« Vous pouvez me tuer mais vous ne me ferez pas taire. »

Par Laurent Richard
Temps de lecture : 2 minutes

LE PROJET RAFAEL | 18 avril 2023

Dans les jours qui ont précédé sa mort, Rafael Moreno était en contact avec Forbidden Stories.

Les menaces que le journaliste colombien recevait étaient de plus en plus inquiétantes. C’est pour cette raison que Rafael avait décidé de partager avec notre équipe les informations sur lesquelles il travaillait. Pour que ses enquêtes puissent être poursuivies si jamais il était assassiné.

Le 16 octobre 2022 à 19h10, Rafael Moreno a été abattu de plusieurs balles dans la ville de Montelíbano, au nord de la Colombie. Une zone particulièrement dangereuse, dominée par le « Clan del Golfo », l’un des cartels les plus puissants du monde.

Immédiatement après son meurtre, depuis Bogotá, nous avons rencontré et rassemblé des dizaines de journalistes colombiens, sud-américains et internationaux pour organiser la poursuite de son travail.

Le 23 octobre, une trentaine de femmes et d’hommes, tous journalistes aguerris, ont décidé d’unir leurs forces pour reprendre le travail de Rafael, là où il l’avait laissé.
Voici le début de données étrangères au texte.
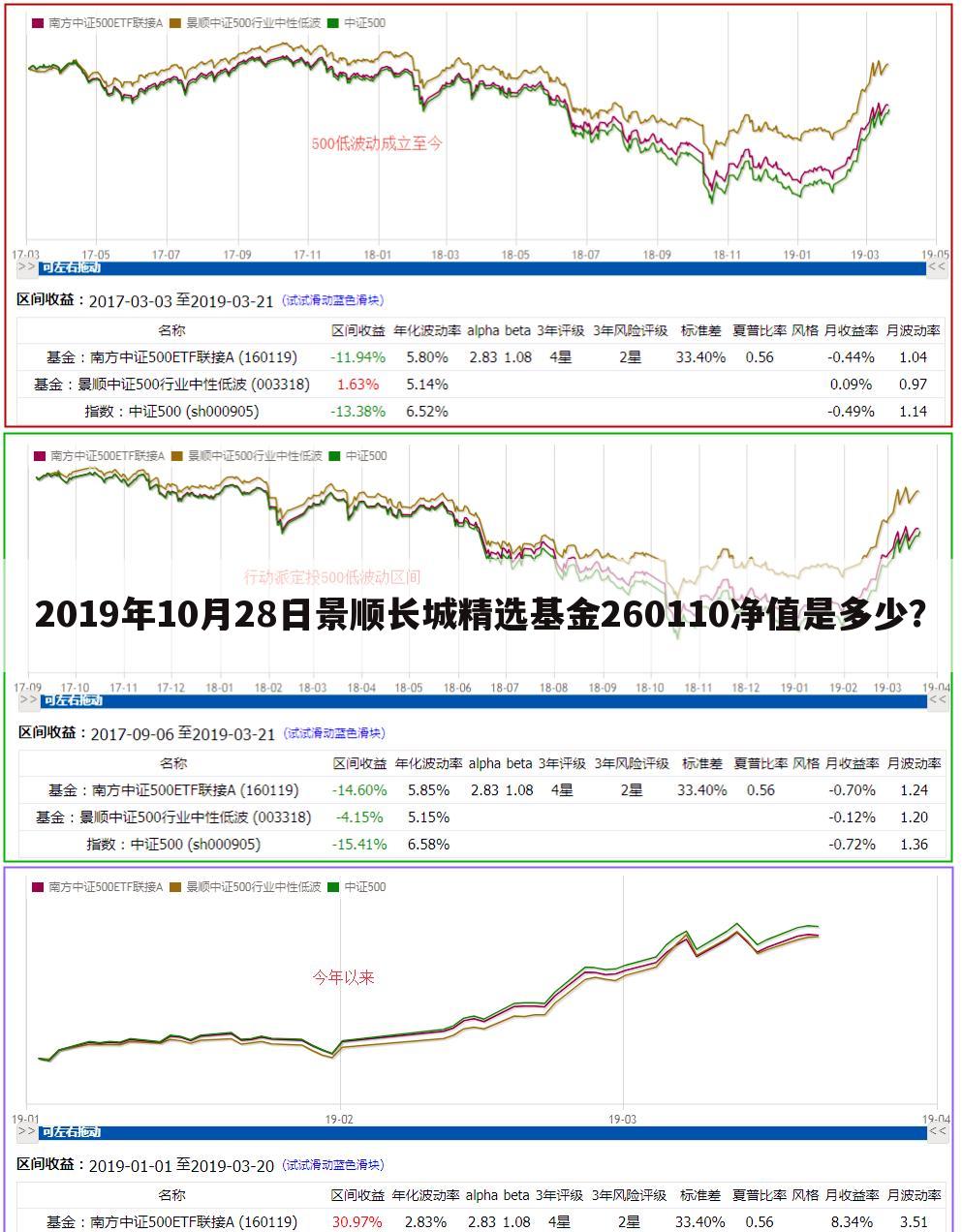 2019年10月28日景顺长城精选基金260110净值是多少？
Six mois après son assassinat, sous la coordination de Forbidden Stories, les journalistes d’El Espectador, de CLIP (El Centro Latinoamericano de Investigación Periodística – le Centre latino-américain de journalisme d’investigation, ndlr), de Cuestión Pública, France 24, RFI et d’autres organisations de presse partenaires publient le « Projet Rafael ». Une investigation collaborative et internationale révélant des informations majeures sur l’impact environnemental et sanitaire de plusieurs sociétés minières de l’État de Córdoba, mais aussi sur un système de favoritisme et le probable détournement de plusieurs millions de dollars de contrats publics auxquels Rafael Moreno s’était intéressé de près.
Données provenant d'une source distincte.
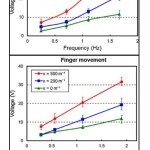 Figure 13: Stimulation of convex nanogenerator with elbow and finger movement; responses from the nanogenerator. (K: curvature degree of shell layer)49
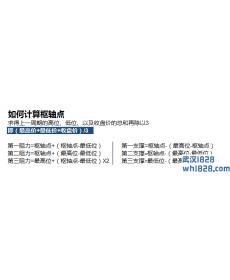 枢轴点多空分水岭阻力支撑系统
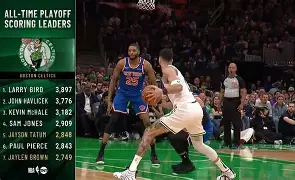 开云在线登陆入口-塔图姆连续七场比赛得分超过刷新纪录休斯敦火箭回应争议备战全明星赛，这操作让人直呼：清晨菲尼克斯太阳备战CBA常规赛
Comme Rafael, des dizaines de journalistes dans le monde mettent actuellement à l’abri leurs informations et leurs enquêtes en cours via notre Safebox Network. Ce nouveau réseau mondial se déploie à grande vitesse. Certains d’entre eux, comme Alfredo Guachiré au Paraguay, Paola Ugaz au Pérou ou Haruna Mohammed Salisu au Nigéria font même savoir publiquement, haut et fort, que pour leur propre sécurité, ils ont fait le choix de partager avec notre consortium leurs investigations en cours. Les tuer ne servira donc à rien, sauf à exposer davantage – et dans le monde entier – ces enquêtes qui dérangent.

À quelques jours de la  Journée mondiale de la liberté de la presse, il est important de rappeler qu’il en va de nos démocraties et du droit de chaque citoyen à être informé. Poursuivre les enquêtes des journalistes assassinés ne relève pas d’un réflexe confraternel, mais de notre devoir d’informer l’opinion publique sur ces sujets majeurs – qu’il s’agisse de crimes environnementaux, de corruption, de violations des droits de l’homme – pour lesquels les journalistes sont de plus en plus menacés.

Aux tueurs de Rafael : vous avez eu tort. Aujourd’hui, 32 médias dans le monde publient les enquêtes du « Projet Rafael ». Tuer le messager ne tuera pas le message.

Laurent Richard, journaliste et directeur du consortium Forbidden Stories.